There’s a great story from the ancient world. As Cicero tells it, it goes like this:
When Hercules was approaching maturity, which is the time selected by nature for choosing the road in life one must travel, he sought out an isolated place. Sitting there for a long time, he could not decide which path was better for him. For he could see two paths, one marked PLEASURE and another marked VIRTUE.
Okay, dear reader, what’ll it be, virtue or pleasure? What does “virtue” even mean – or, for that matter, “pleasure”? What if I brought you out to the Herakles statue near the Statler, gave you a bottle of spray chalk and $100, and told you and a group of your classmates to illustrate each path? What objects would you use, and how would you get everyone to agree?
When I teach this myth in class, students eventually discover they can use the very same objects to illustrate both words if they pick different sizes or quantities: dumbbells or doughnuts, chocolates or carrots, duties or diets. I could just tell them that. But in my experience, the point about moderation really sinks in when you figure it out for yourself.
Teaching and learning have changed dramatically in the last 20 years, from passive to active, and it’s clearly for the better. As a professor of classics, I’m eager to embrace active learning. And as Cornell’s associate vice provost for undergraduate education, I’m delighted we’re investing in it.
In the not-so-old days, the professor was a sage on a stage delivering a sermon, while students quietly listened and learned. Sometimes it worked. Today, data show us that more students learn more by taking an active role in the classroom: more talking, more groups, more games, more quizzing each other – in short, more activity.
This is another classic idea we’re rediscovering. In ancient Rome, the master teacher Quintilian says that games, quizzing and positive reinforcement are the way to go:
Studies must be made an amusement: Students must be questioned and praised and complimented when they get it right.
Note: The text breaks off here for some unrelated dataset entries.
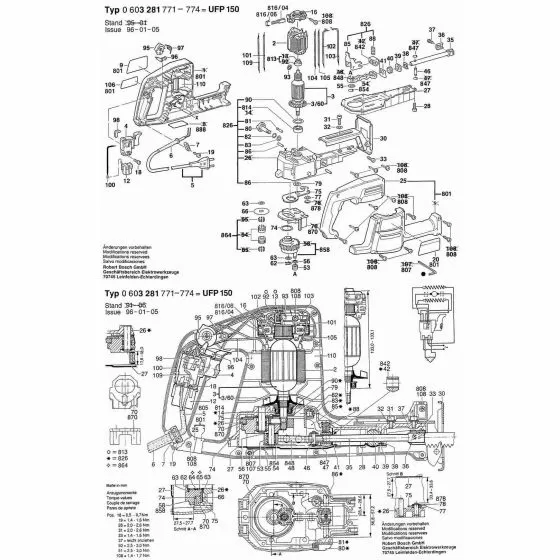 Bosch UFP 150 FAN 2606610049 Spare Part Type: 0603281771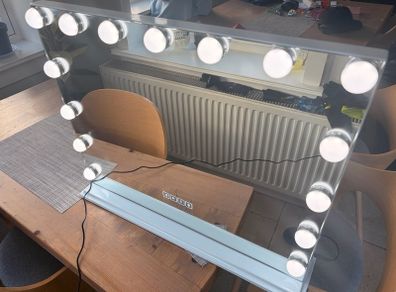 Light up and Bluetooth hollywood mirror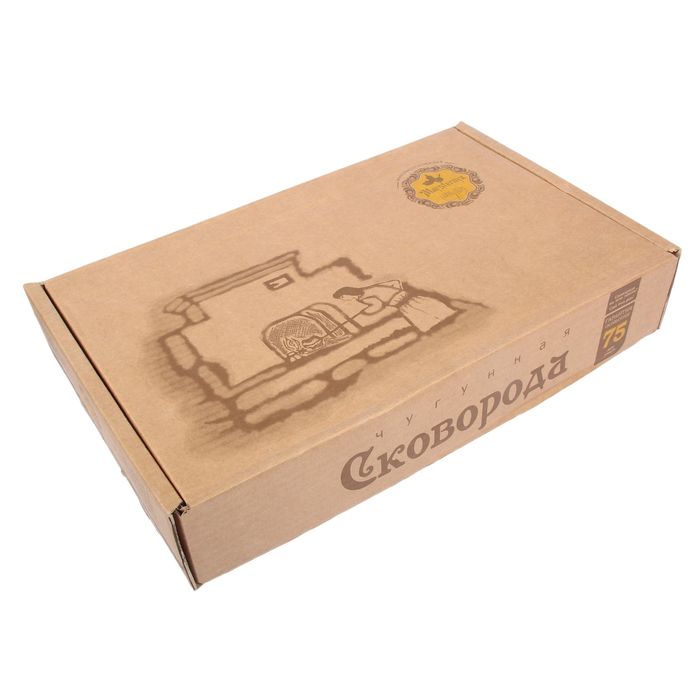 Сотейник чугунный d=28 см, со съёмной деревянной ручкой, в коробке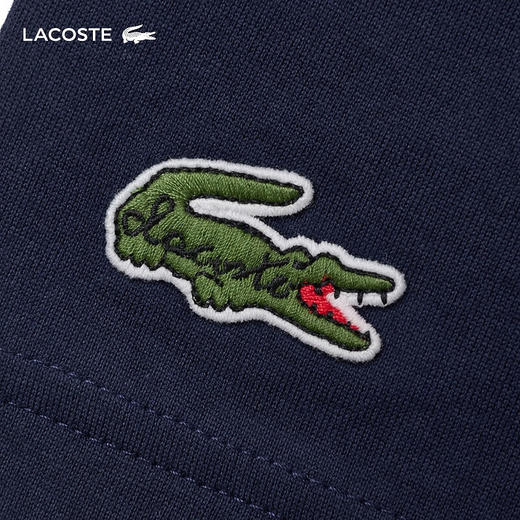 【海南专供价】Lacoste法国鳄鱼男女同款新款T恤TH0133-98 商品图4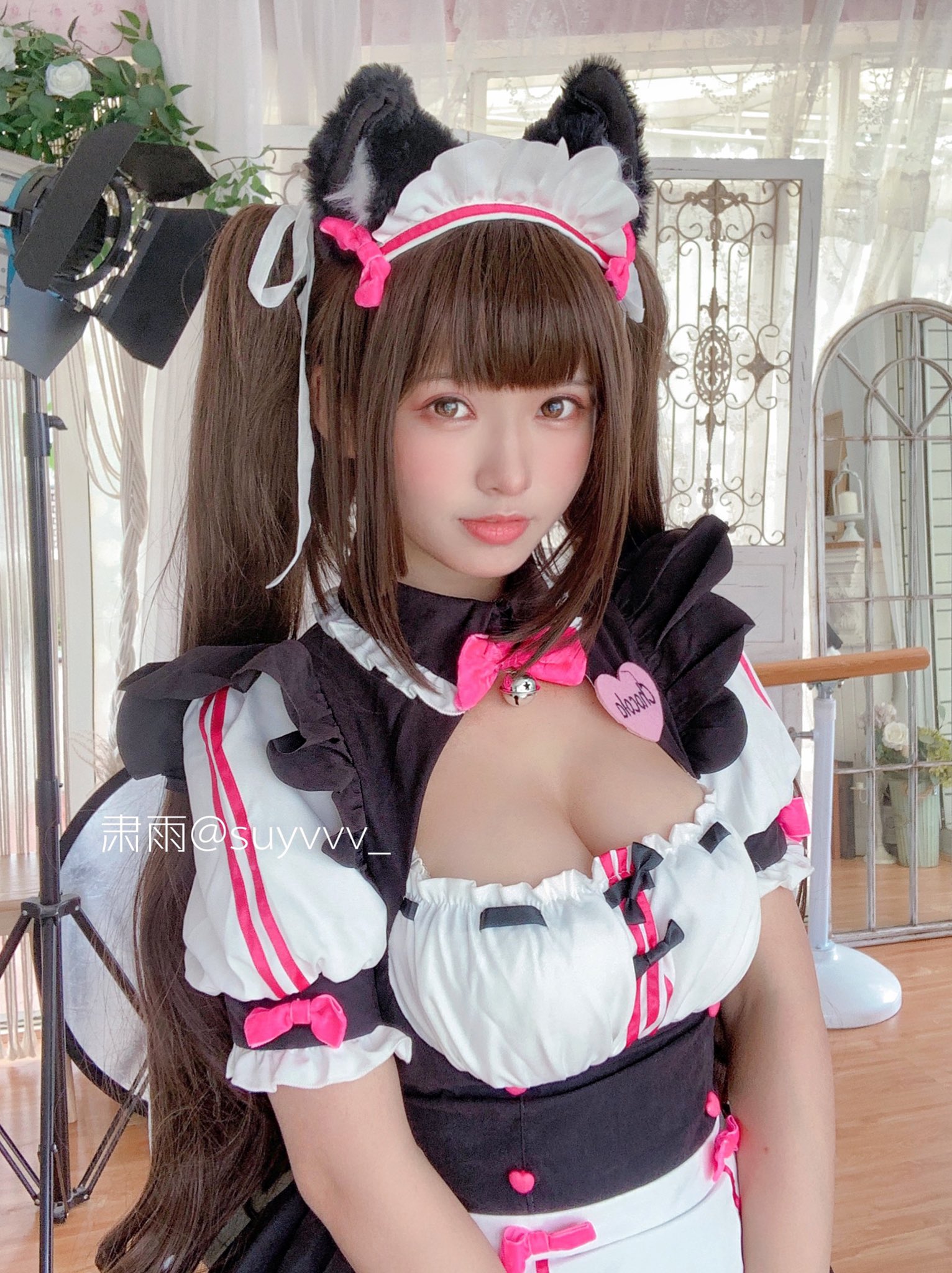 画像,🍫chocola~#ネコぱら #nekopara #네코파라 #コスプレ https://t.co/lMPL9y2W0N…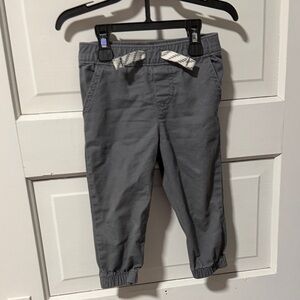 Garanimals Gray Elastic Waist Jogger Pants with Striped Drawstring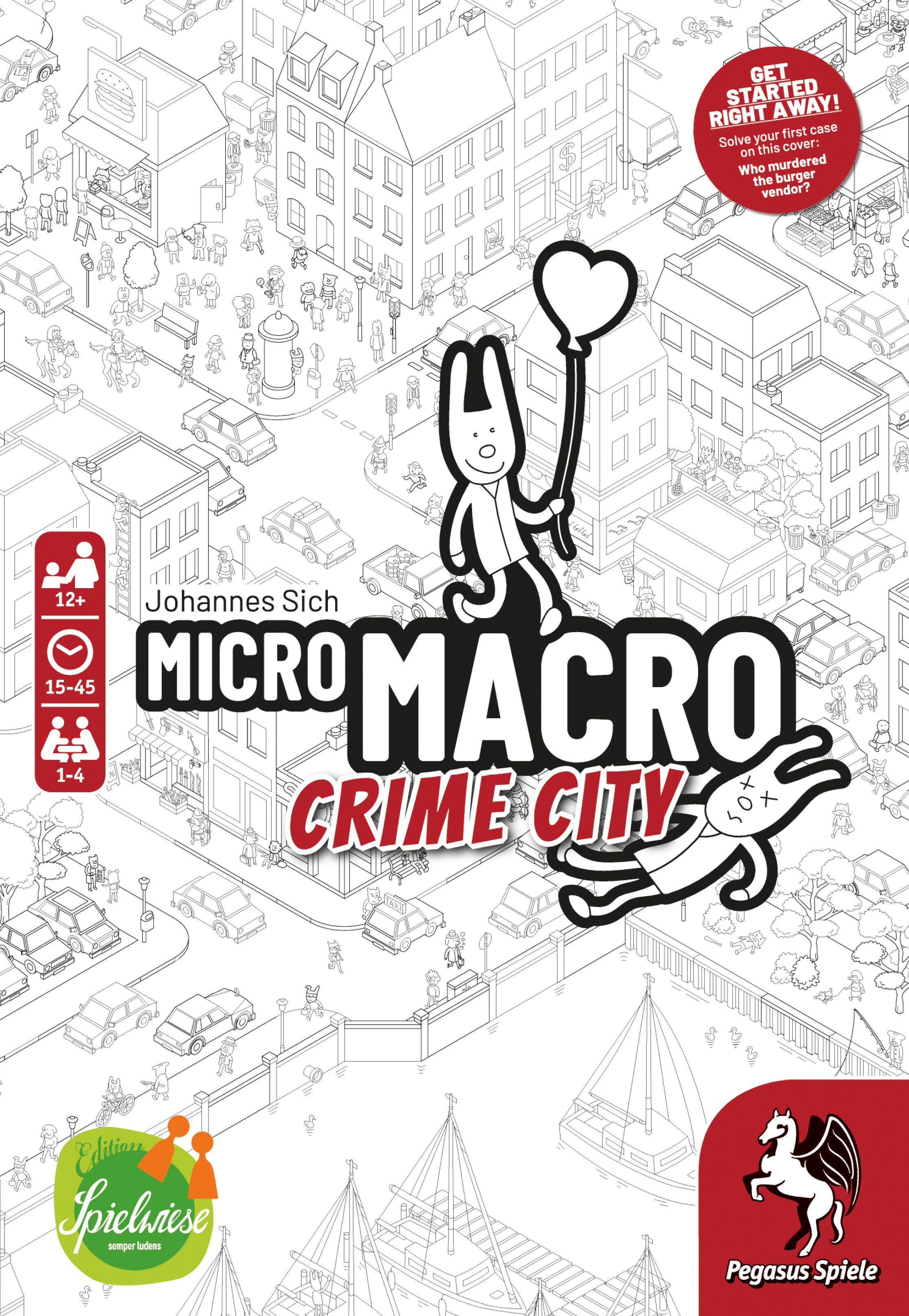 Box cover for MicroMacro: Crime City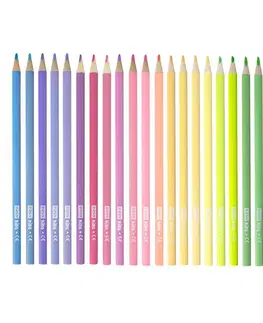 Hračky EASY - Trojhranné pastelky, 24 ks/sada, pastelové barvy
Of course, this means a lot of work for me. I have to plan. I have to anticipate and arrest your interest with dilemmas and puzzles, and get you and your classmates talking. When I lecture, I now want to interrupt myself periodically with questions that will give everyone in the room – not just the eager few – a voice and time to work through their thoughts.
It also means finding the right technology. Never has it been easier to enrich teaching and assignments with multimedia – images, music, film clips, hyperlinks – but lately I’ve done even better than that. Thanks to a generous donation by a Cornell alumnus, I now pass out chocolate replicas of ancient Greek and Roman coins to show students in my courses what ancient coins looked like. The rule is, first we discuss them, then we eat them. Smiles are guaranteed – and so is recall on the final exam.
I’ve also found iClickers amazingly effective in humanities courses. Why? Because they give a voice to everyone, especially shy students. (It’s scary to answer a question in front of lots of classmates!) Even better, clickers anonymize answers to sensitive questions of morality or politics that students might not want to own up to publicly. Clickers let us depersonalize tough topics instead of ignoring them.
Finally, infrastructure matters. In smaller classrooms, group discussions work best when students can move tables or chairs around. In larger ones, it’s easier for students to turn to their neighbors when they have a little room to move. In my associate vice provost role, I have the responsibility to develop classroom infrastructure appropriately. In fact, we’re renovating Baker 200 auditorium right now, and the best practices of active learning have informed our decisions about architecture at every step.
Oh, and by the way, Hercules chose the path of virtue.
Michael Fontaine is a professor of classics and Cornell’s associate vice provost for undergraduate education.